BISA AI - AI For Everyone
Fake News Detection using PCA

Anisah Fadhilah Putri

Sosial Media


1 orang menyukai ini
Suka

Summary

Fake News Detection is one of the most important issues in the digital information age, which is rich in inaccurate or misleading content. Classification algorithms can be used to classify articles or news as fake news or not.

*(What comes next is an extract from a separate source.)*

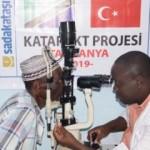 Sadakataşı'ndan Tanzanya'da katarakt ameliyatları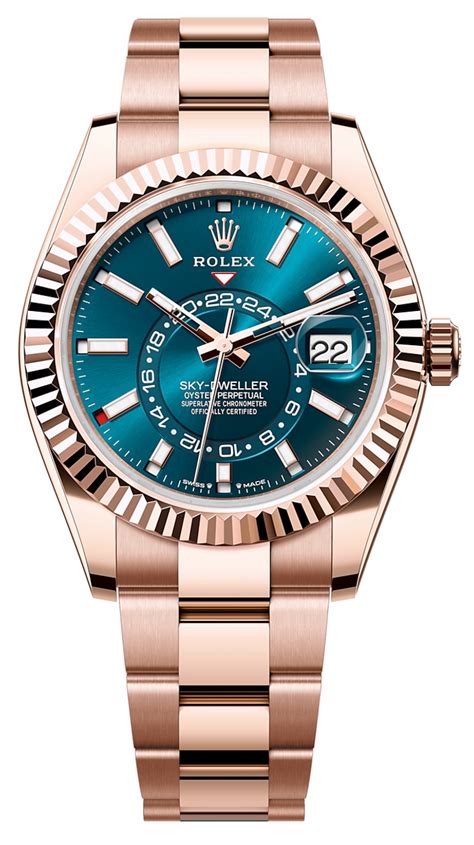 rolex 336935|rolex sky dweller rose gold.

Here I am using Passive Aggressive Classifier (PAC) classification algorithm which is used for classification tasks in Machine Learning. PAC is a useful algorithm for binary classification problems, where data is separated into two different classes. In the context of fake news detection, Passive Aggressive Classifier can be used to learn the patterns present in articles or news and classify them as fake news or not.

Description

Connecting to Google Drive

A picture containing text, screenshot, font, line

Description automatically generated

The first step when we want to read a dataset from google drive, we must connect the path that contains the dataset in it with the drive mount from the google.colab library.

 

Import the Required Libraries

The code above is an import of libraries and modules needed to build models and perform text analysis using the Passive Aggressive Classifier method. The following is an explanation of each part of the code:

  1. import numpy as np: Imports the NumPy library used for array manipulation and numerical operations.
  2. import pandas as pd: Imports the pandas library used to read and manipulate data in DataFrame format.
  3. from tensorflow.keras.models import Sequential: Imports the Sequential class from the models module in the Keras library. The Sequential class is used to build neural network models sequentially.
  4. from tensorflow.keras.layers import Dense, Dropout: Imports the Dense and Dropout classes from the layers module in the Keras library. The Dense class is used to add dense (fully connected) layers to the model, while the Dropout class is used to add a dropout layer that prevents overfitting.
  5. from sklearn.model_selection import train_test_split: Imports the train_test_split function from the model_selection module in the scikit-learn library. This function is used to split the dataset into train and test subsets.
  6. from sklearn.feature_extraction.text import TfidfVectorizer: Imports the TfidfVectorizer class from the feature_extraction.text module in the scikit-learn library. This class is used to convert text into feature vectors using the TF-IDF (Term Frequency-Inverse Document Frequency) method.
  7. from sklearn.linear_model import PassiveAggressiveClassifier: Imports the PassiveAggressiveClassifier class from the linear_model module in the scikit-learn library. This class is an implementation of the Passive Aggressive Classifier method used for data classification.
  8. from sklearn.metrics import accuracy_score, confusion_matrix: Import the accuracy_score and confusion_matrix functions from the metrics module in the scikit-learn library. The accuracy_score function is used to calculate prediction accuracy, while confusion_matrix is used to generate a confusion matrix that indicates classification performance.
  9. import os: Imports the os library used to interact with the operating system.
  10. for dirname, _, filenames in os.walk('/kaggle/input'): Iterates through all files and directories in /kaggle/input (the default directory in Kaggle).
  11. for filename in filenames: Iterates through each filename in the directory.
  12. print(os.path.join(dirname, filename)): Prints the full path of each file in the /kaggle/input directory.

 

Load the Dataset

The code above is used to load a dataset stored in a CSV file into a DataFrame object using the pandas library. The following is an explanation of each part of the code:

  1. df = pd.read_csv('/content/drive/MyDrive/Dataset Original or Fake News/news.csv'): Reads a CSV file containing the dataset and stores it in a DataFrame object named df. The CSV file read has the path '/content/drive/MyDrive/Real Or Fake News dataset/news.csv'
  2. print(df.shape): Prints the dimensions of the dataset using the shape attribute of the DataFrame object. The shape attribute returns a tuple with two elements, the number of rows and the number of columns in the dataset.
  3. print(df.head()): Prints the first five rows of the dataset using the head() method. This method is useful for viewing the initial instance of the dataset and ensuring that the data has been loaded correctly.

 

Check For empty values in the dataset

A picture containing text, screenshot, font

Description automatically generated

Using the code above, we can see the number of empty values in each column of the dataset. If there are empty values, the number will be displayed next to the column name. This is useful for detecting whether the dataset has empty values that need to be addressed before performing further analysis or modeling.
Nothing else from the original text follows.